Our validation is based on the data collected by two criteria:
(1) Popularity, for each popularity metrics (i.e., most stars, most forks, most downloaded in the past, most downloaded in past 3 years, most downloaded in last year), we select the top 2,000 libraries respectively.
(2) Centrality, for each centrality metric (i.e., most in-degree, most out-degree), we also select the top 2,000 libraries and top 20K versions. respectively.} For libraries, we take the highest patch version for each minor version.
Finally, 103,609 versions (almost 1% of the entire NPM ecosystem) from 15,673 libraries are sorted out.
Based on the collected data, we first collect all installation dependency trees (Install Tree) for each version from real installation (npm-ls), 82,415 of these versions are successfully collected after excluding those with installation errors.
We also collect the dependency trees (Remote Tree) from npm-remote-ls. Note that npm-remote-ls is exactly applying the technique of dependency reach to resolve dependency trees, but it misses most of NPM specific rules for dependency resolution during installations.
Moreover, to compare with real installation results, we update the graph after all Install Trees are well collected, so that all packages in the Install Trees are updated into the graph. Based on it, we further compute the dependency trees (Graph Tree) for all versions with their corresponding installation times.

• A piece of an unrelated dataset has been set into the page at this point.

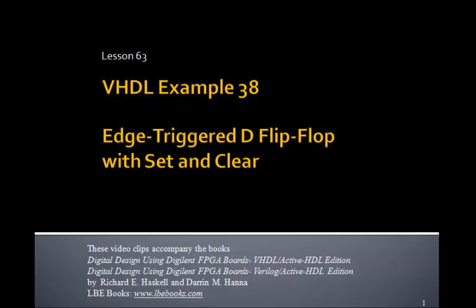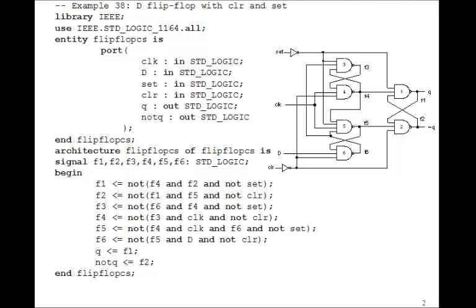This is Lesson 63, VHDL Example 38. In this example, we'll implement the edge-triggered D flip-flop with set and clear. This is going to be similar to the example we did in Lesson 62, except we're just going to add the set and clear that we talked about in Lesson 61.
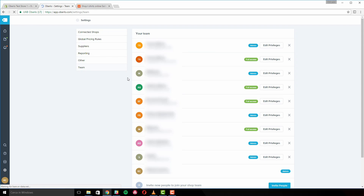In the team management settings, you can add and manage which users are allowed to access your Oberlo account. Keep in mind that the team management settings are only available for Oberlo Pro plan users. You can also restrict team members to specific areas of your Oberlo account. This is useful if you don't want or need all users to take part in certain areas of your business — for example, you may want to restrict other users' ability to manage orders.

(1) We first compare the dependency trees with strict rules that the dependency tree has to be exactly the same. The results are as follow:
install error: 21,194
graph error: 1,832 (exist packages in dependency tree not published on NPM registry, existing packages in dependency tree have no released time, etc.) (2.22%)
existing relation mismatch: 7,760 (9.42%)
miss data: 11 (some newly released are not captured since sometimes data pipeline could miss individual libraries due to network issues, but they are made up in later crawls) (0.01%)
has bundle dependencies: 2,429 (2.95%)
There are 2 main reasons that cause the mismatch of differences between InstallTree and GraphTree.
Installation may not be complete. There could be errors on certain dependencies, i.e., unable to install due to missing environment supports. Therefore, we have more nodes in some of the dependency trees since DTResolver explores the dependency trees ignoring the real installation.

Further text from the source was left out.